Each utility function operates with the principals of immutability: none of the input sets are modified in the process or result of calculation.
Set Operations:
A ∖ B
difference: The difference of sets contains all the elements of the first set, not contained in other sets.
import { difference } from 'set-utilities';
const differenceAB = difference(setA, setB);
const differenceABC = difference(setA, setB, setC);
A ∩ B
intersection: The intersection of sets contains all the elements each contained in every set.
import { intersection } from 'set-utilities';
const intersectionAB = intersection(setA, setB);
const intersectionABC = intersection(setA, setB, setC);
A ∪ B
union: The union of sets contains all the elements each contained in any set.

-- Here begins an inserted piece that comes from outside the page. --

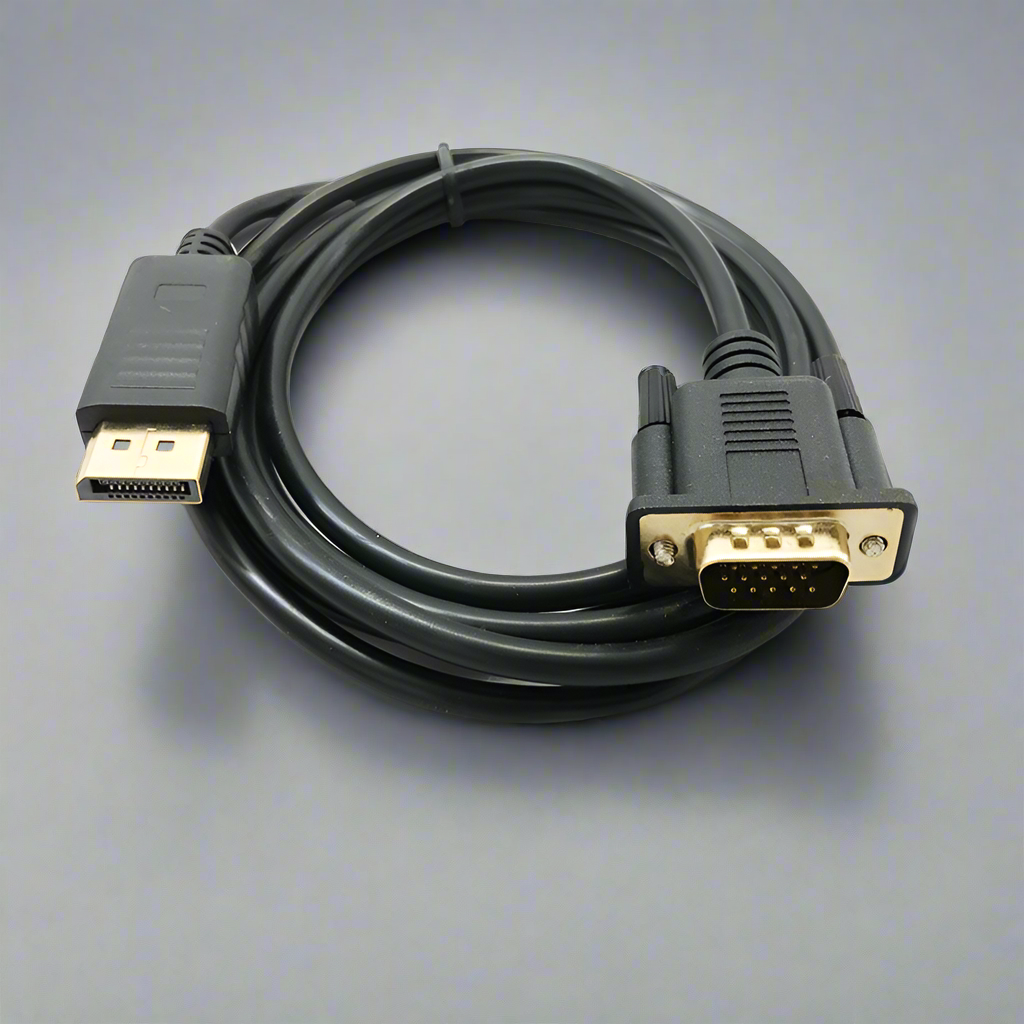 1.8M Display Port DP Male To VGA/M Cable Converter Connector Adaptor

import { union } from 'set-utilities';
const unionAB = union(setA, setB);
const unionABC = union(setA, setB, setC);
A ∆ B
symmetric difference (xor): The symmetric difference of sets contains only the unique elements of each set.
import { xor } from 'set-utilities';
const xorAB = xor(setA, setB);
const xorABC = xor(setA, setB, setC);
Set Comparisons:
A ∼ B
equivalence: Sets are equivalent if they have the same cardinality, and there is a bijection between the elements contained in each set.
import { equivalence } from 'set-utilities';
const isEquivalentAB = equivalence(setA, setB);
const isEquivalentABC = equivalence(setA, setB, setC);
A ∩ B = ∅
disjoint: Sets are disjoint if they have no elements in common.
import { disjoint } from 'set-utilities';
const isDisjointAB = disjoint(setA, setB);
const isDisjointABC = disjoint(setA, setB, setC);
A ∩ B ∩ C = ∅
pairwise disjoint: A family of sets are pairwise disjoint if none of the sets share any elements in common.
import { pairwiseDisjoint } from 'set-utilities';
const isPairwiseDisjointAB = pairwiseDisjoint(setA, setB);
const isPairwiseDisjointABC = pairwiseDisjoint(setA, setB, setC);
A ⊆ B
subset: A set is a subset of another if all of its elements are contained in the other set.
import { subset } from 'set-utilities';
const isSubsetAB = subset(setA, setB);
const isSubsetABC = subset(setA, setB, setC);
A ⊂ B
proper subset: A set is a proper subset of another if all of its elements are contained in the other set, and it has a lower cardinality than the other set.
import { properSubset } from 'set-utilities';
const isProperSubsetAB = properSubset(setA, setB);
const isProperSubsetABC = properSubset(setA, setB, setC);
A ⊇ B
superset: A set is a superset of another if it contains all the elements contained in the other set.
import { superset } from 'set-utilities';
const isSupersetAB = superset(setA, setB);
const isSupersetABC = superset(setA, setB, setC);
A ⊃ B
proper superset: A set is a proper superset of another if it contains all the elements contained in the other set, and it has a greater cardinality than the other set.
import { properSuperset } from 'set-utilities';
const isProperSupersetAB = properSuperset(setA, setB);
const isProperSupersetABC = properSuperset(setA, setB, setC);
Set Ordering:
A ⇅
sort: An immutable sorting operation for sets.
import { sort } from 'set-utilities';
const sortedA = sort(setA);
const sortedB = sort(setB, compareFunction);